— Recorded data —
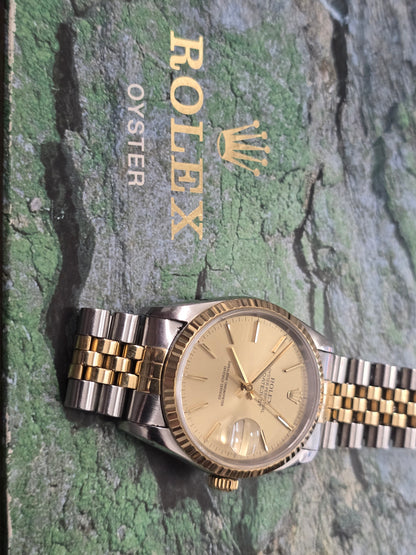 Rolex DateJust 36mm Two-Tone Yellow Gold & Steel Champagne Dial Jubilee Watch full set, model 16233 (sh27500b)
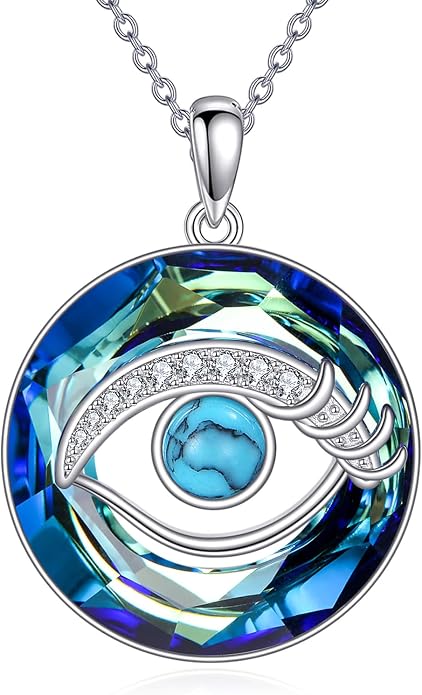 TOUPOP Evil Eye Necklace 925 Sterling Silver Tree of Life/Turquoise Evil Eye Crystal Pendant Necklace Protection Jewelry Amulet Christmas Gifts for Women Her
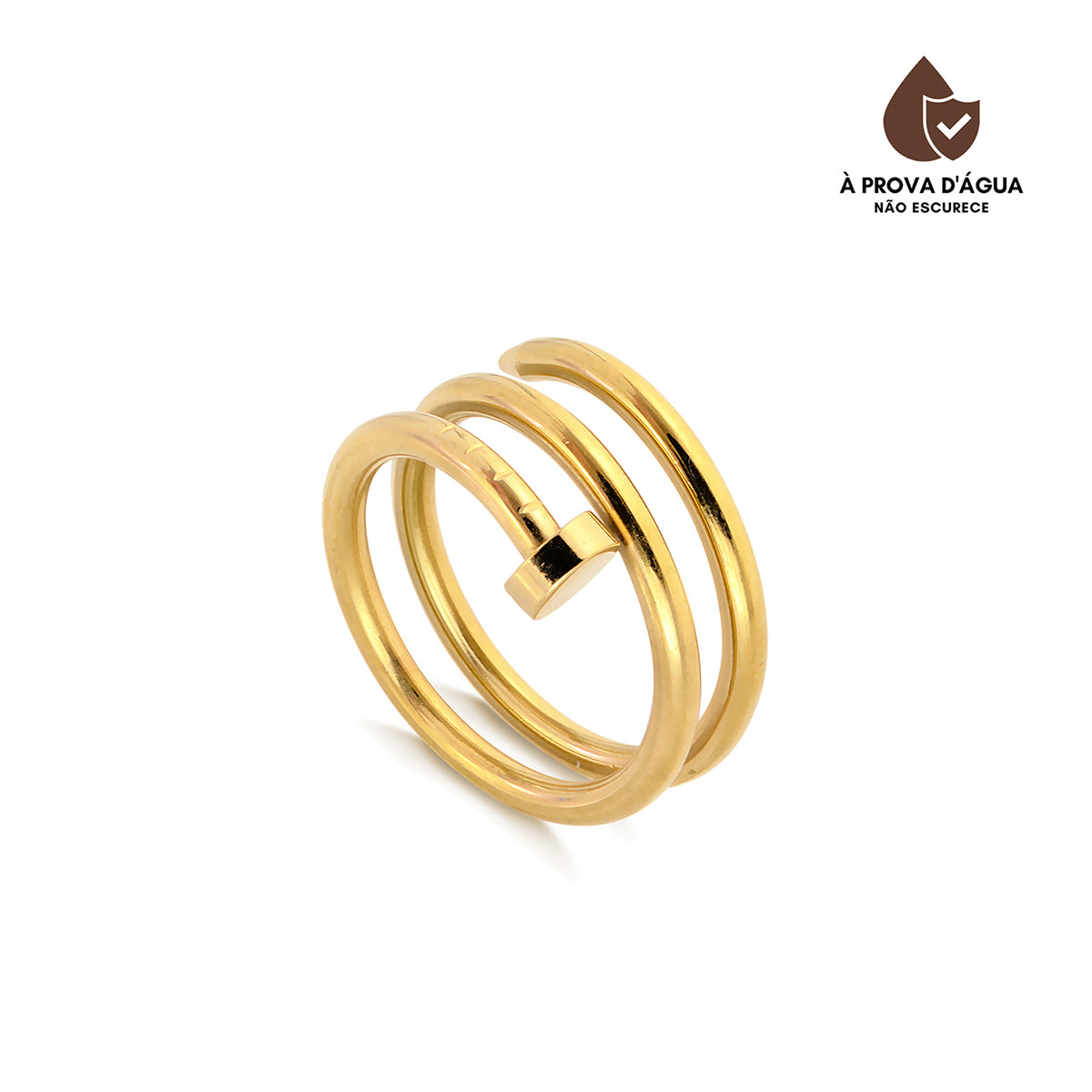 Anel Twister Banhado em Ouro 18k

— Directions for this task —
From the line that contains "TOUPOP Evil Eye" to the final line of the material, write out each line exactly. Pictures stay out.

— Written reply —
 TOUPOP Evil Eye Necklace 925 Sterling Silver Tree of Life/Turquoise Evil Eye Crystal Pendant Necklace Protection Jewelry Amulet Christmas Gifts for Women Her
 Anel Twister Banhado em Ouro 18k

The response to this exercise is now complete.